Six-month-old Vanda plants raised via tissue culture were immersed in individual bacterial solutions (as with the previous experiment) for 30 min while those of the control were soaked in sterilized deionized water for the same period. Inoculated plantlets, including those of the control, were then transferred to cultivated baskets without growing media to be placed under greenhouse conditions for 6 months, with 15 replications per treatment (1 plant per replication). The average greenhouse temperature, humidity and light intensity were 28 °C, 70% RH and 45 µmol·m⁻²·s⁻¹, respectively. The plants were watered daily with no fertilizer application throughout the experiment.

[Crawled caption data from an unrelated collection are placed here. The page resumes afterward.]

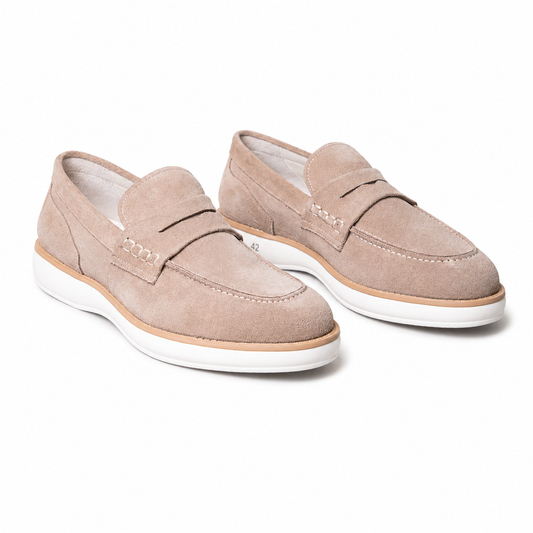 Pedro beige penny loafers with a soft suede-look finish, sleek slip-on design, and cushioned comfort for formal and smart-casual styling, Kayagan online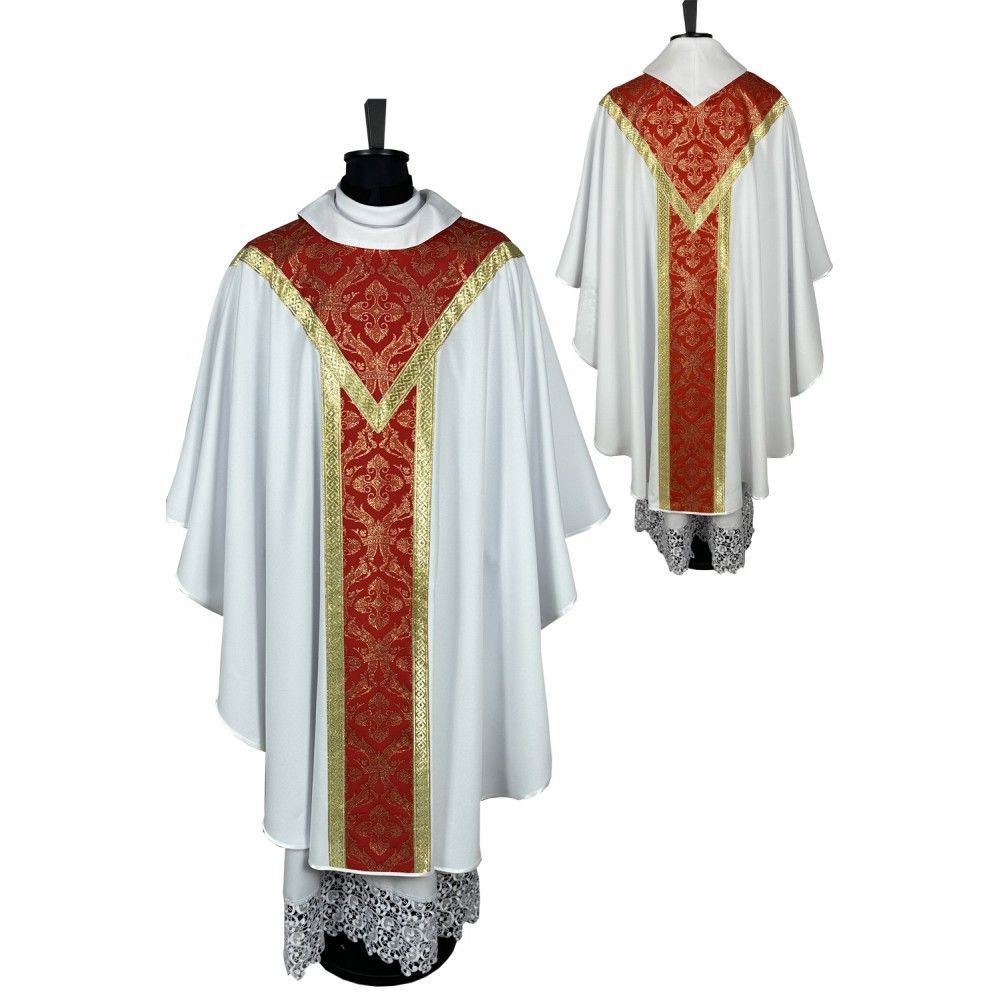 Ornat semi gotycki + stuła, kolor biały, tkane pasy (46K)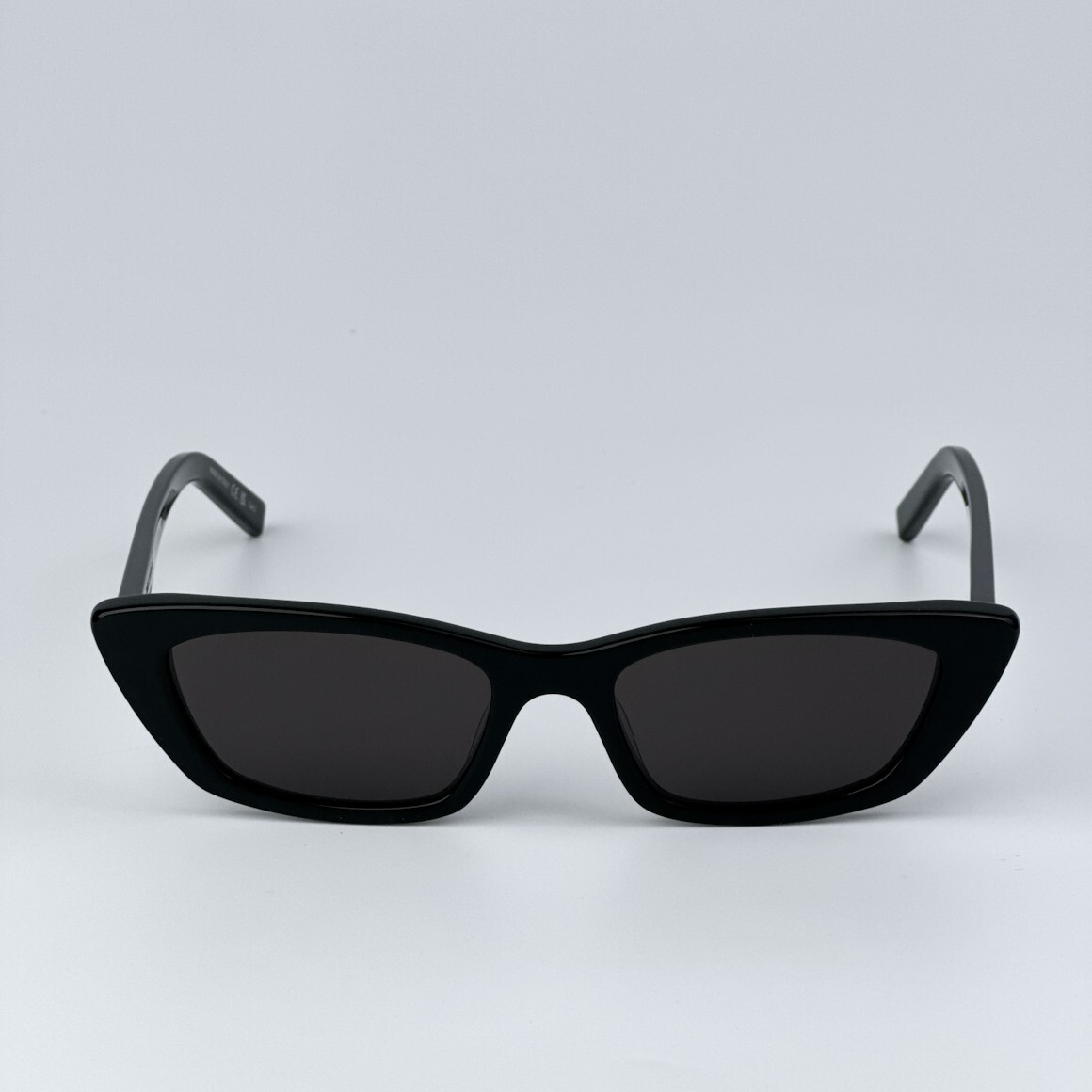 Pre-owned Saint Laurent Sl277 009 Black Black Cat Eye Unisex Sunglasses In Gray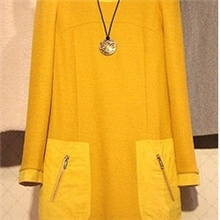 韩国代购秋冬连衣裙打底长袖气质毛呢连衣裙欧美大码女装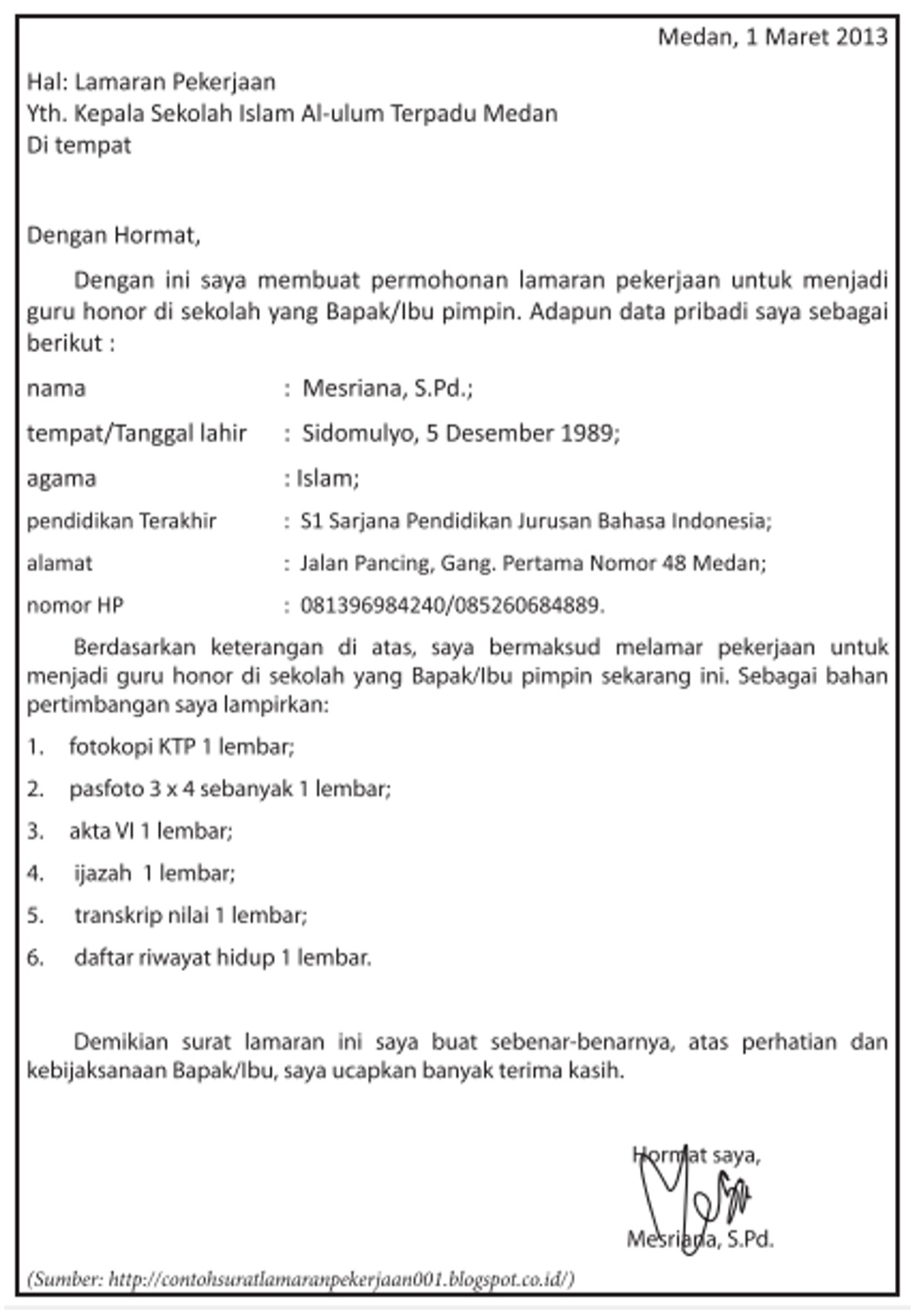 Detail Contoh Surat Lamaran Pekerjaan Menurut Kbbi Nomer 31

Records were made on total nitrogen content in Vanda plants 6 months after inoculation. Plant height (cm), number of leaves, root length (cm) and number of roots were also recorded monthly for the first 6 months following inoculation.

Total nitrogen content and plant growth data were then calculated via analysis of variance (ANOVA) using the Swx program (Analytical Software version 8.0). Indication of significant difference was measured according to least significant difference (LSD) analysis at 0.05 probability level.

3. Results

3.1. Phylogeny of Endophytic Bacteria Isolated from Vanda ‘Pachara Delight’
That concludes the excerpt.